What this task involves: Below is a listing to copy exactly; no image goes into the copy.

Information provided:
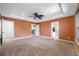 Large bedroom featuring a tray ceiling, ceiling fan, carpet flooring, and access to the bathroom and hallway at 4943 Grand Oak Cir, Madeira Beach, FL 33708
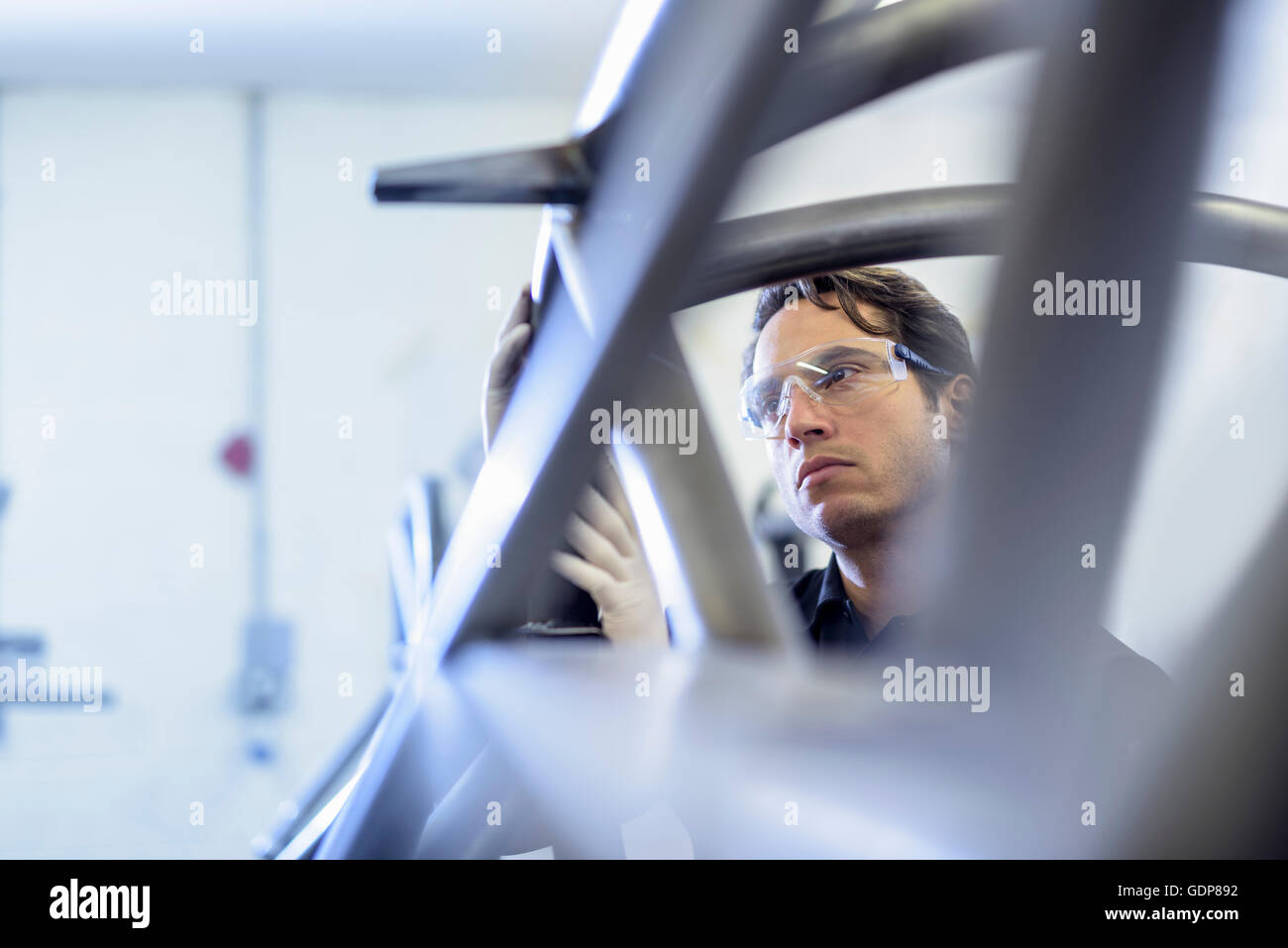 Engineer inspecting racing car roll cage in racing car factory Stock Photo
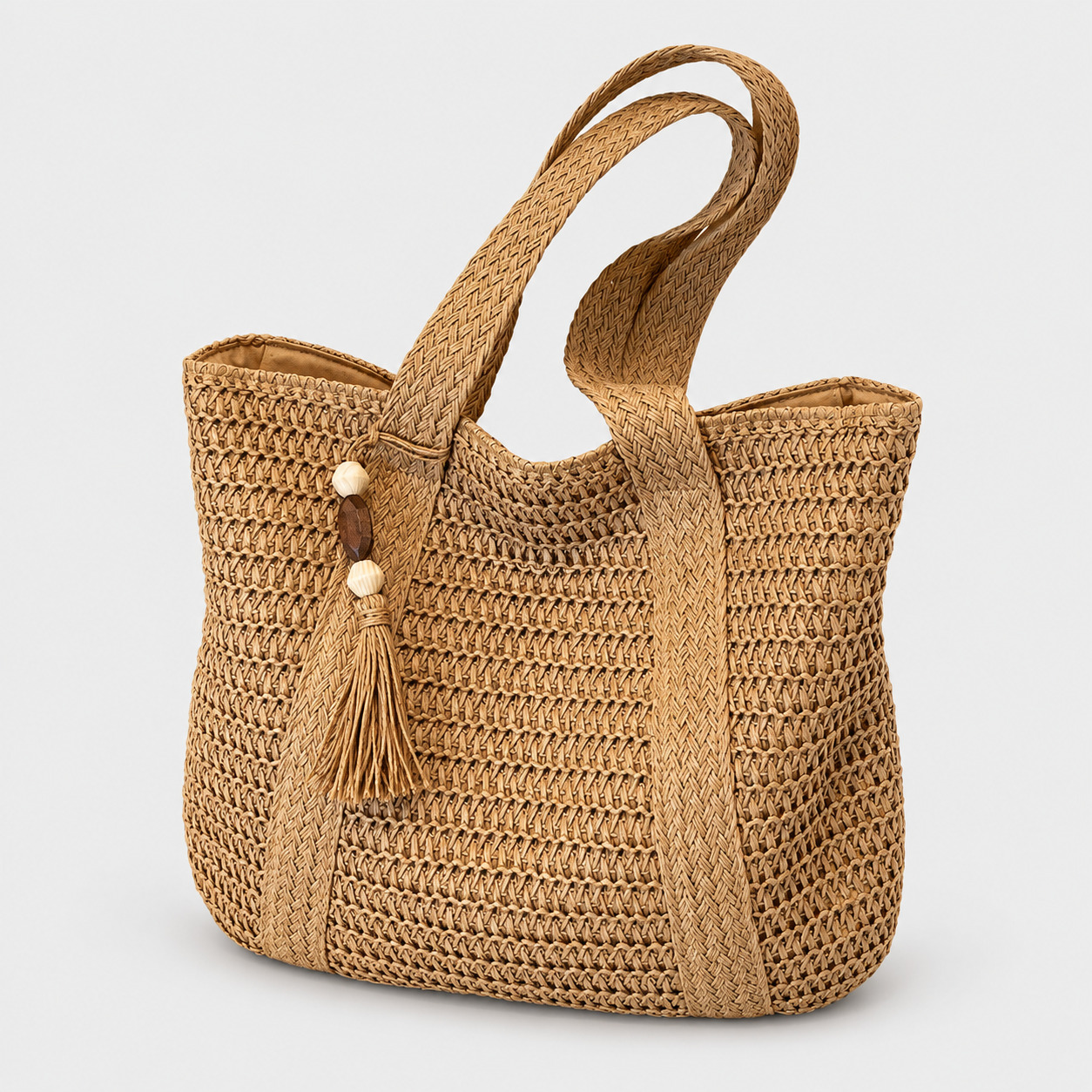 Sac En Paille Tressée Bandoulière – Paolita Sac en paille tressée bandoulière Paolita couleur naturelle avec pompon et perles décoratives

Answer to the problem:
 Large bedroom featuring a tray ceiling, ceiling fan, carpet flooring, and access to the bathroom and hallway at 4943 Grand Oak Cir, Madeira Beach, FL 33708
 Engineer inspecting racing car roll cage in racing car factory Stock Photo
 Sac En Paille Tressée Bandoulière – Paolita Sac en paille tressée bandoulière Paolita couleur naturelle avec pompon et perles décoratives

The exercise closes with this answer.